- _Assignment_
Reproduce only this stretch of the listing below: from the line with "Home insurance damage" through the line with "Topographic elevation map", exactly as written, with pictures excluded.

- _Supplied data_
%%
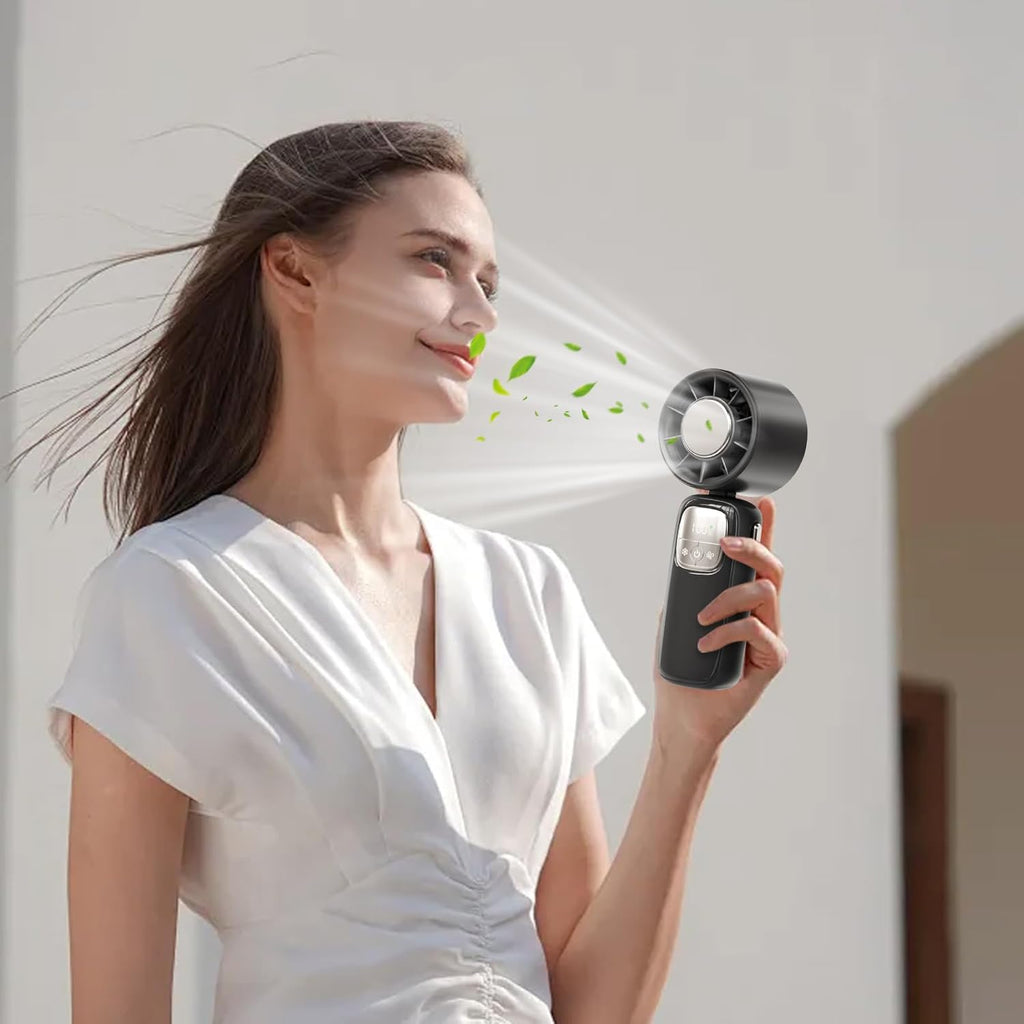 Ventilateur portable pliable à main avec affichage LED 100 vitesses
%%
%%
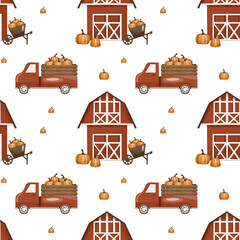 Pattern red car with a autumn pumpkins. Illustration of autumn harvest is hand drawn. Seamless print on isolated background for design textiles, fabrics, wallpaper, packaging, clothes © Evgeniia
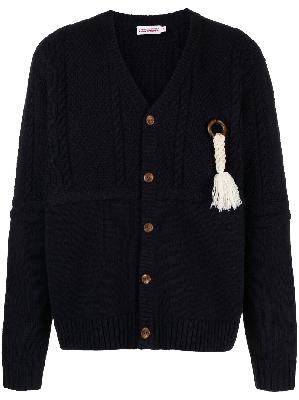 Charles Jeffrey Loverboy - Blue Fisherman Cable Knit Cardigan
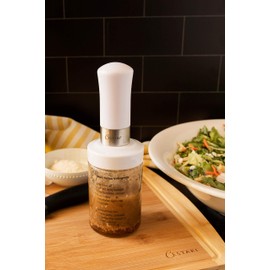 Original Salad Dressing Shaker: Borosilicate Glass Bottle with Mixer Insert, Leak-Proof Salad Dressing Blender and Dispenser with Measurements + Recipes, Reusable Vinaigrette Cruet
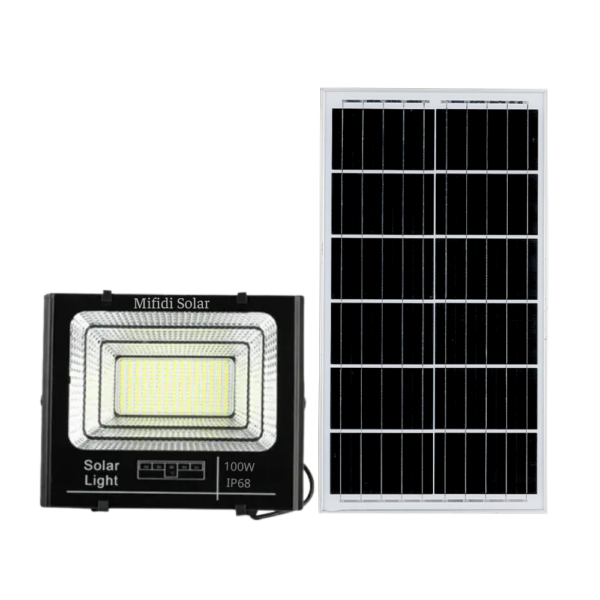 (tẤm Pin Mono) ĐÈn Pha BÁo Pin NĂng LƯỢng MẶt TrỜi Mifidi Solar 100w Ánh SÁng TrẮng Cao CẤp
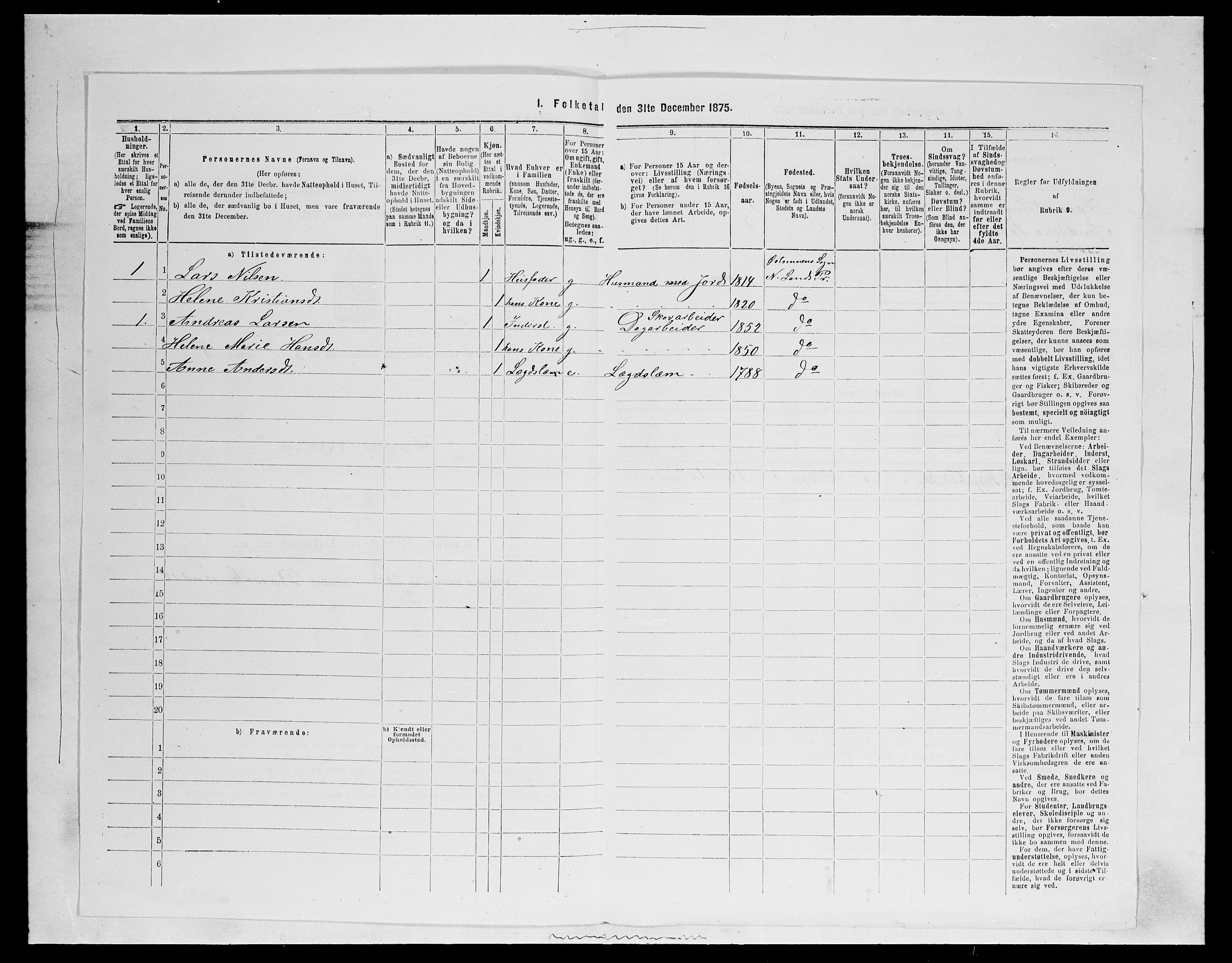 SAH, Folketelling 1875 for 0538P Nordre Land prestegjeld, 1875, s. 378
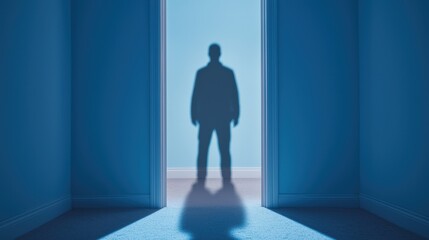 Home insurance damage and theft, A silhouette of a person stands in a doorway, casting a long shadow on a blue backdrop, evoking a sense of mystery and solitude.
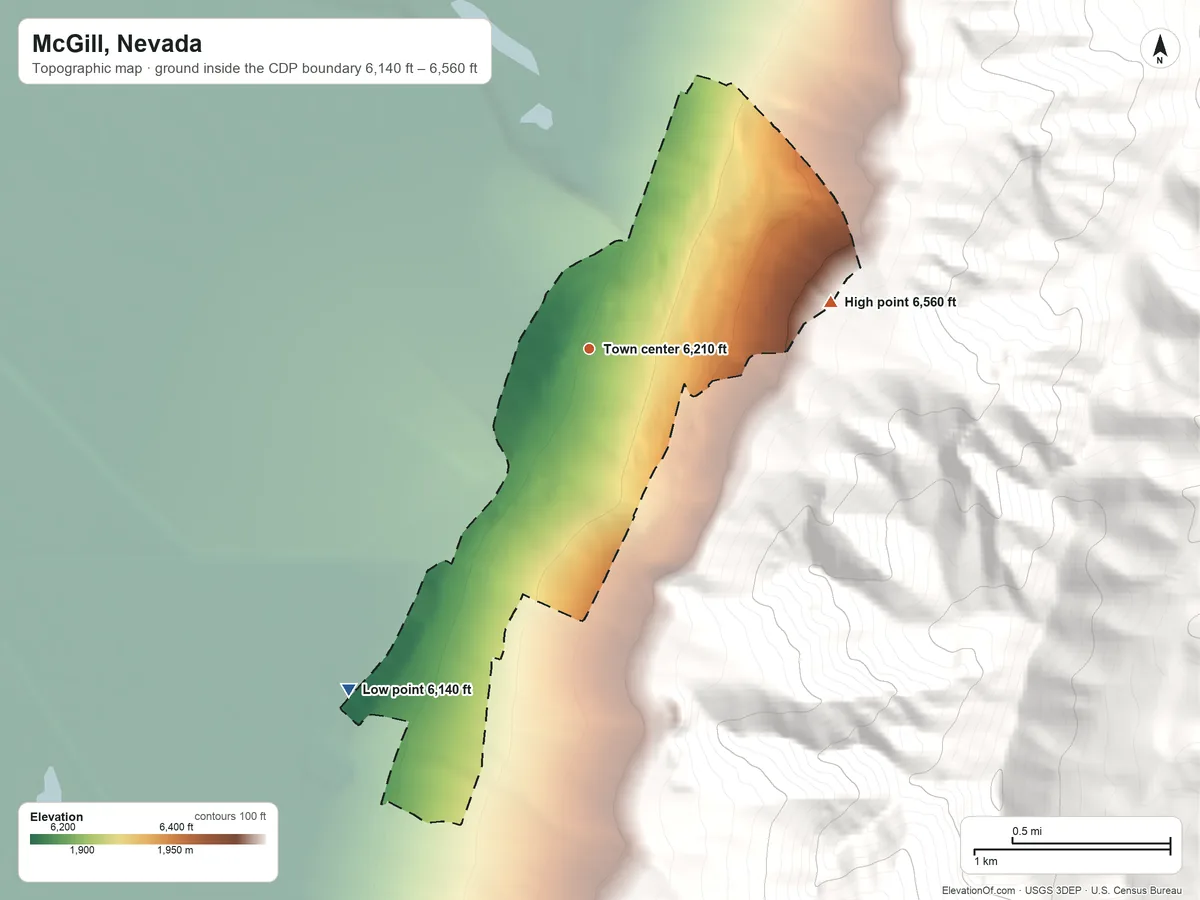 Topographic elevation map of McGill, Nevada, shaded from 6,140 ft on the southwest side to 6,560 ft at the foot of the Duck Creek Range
%%
- _Answer area_
 Home insurance damage and theft, A silhouette of a person stands in a doorway, casting a long shadow on a blue backdrop, evoking a sense of mystery and solitude.
 Topographic elevation map of McGill, Nevada, shaded from 6,140 ft on the southwest side to 6,560 ft at the foot of the Duck Creek Range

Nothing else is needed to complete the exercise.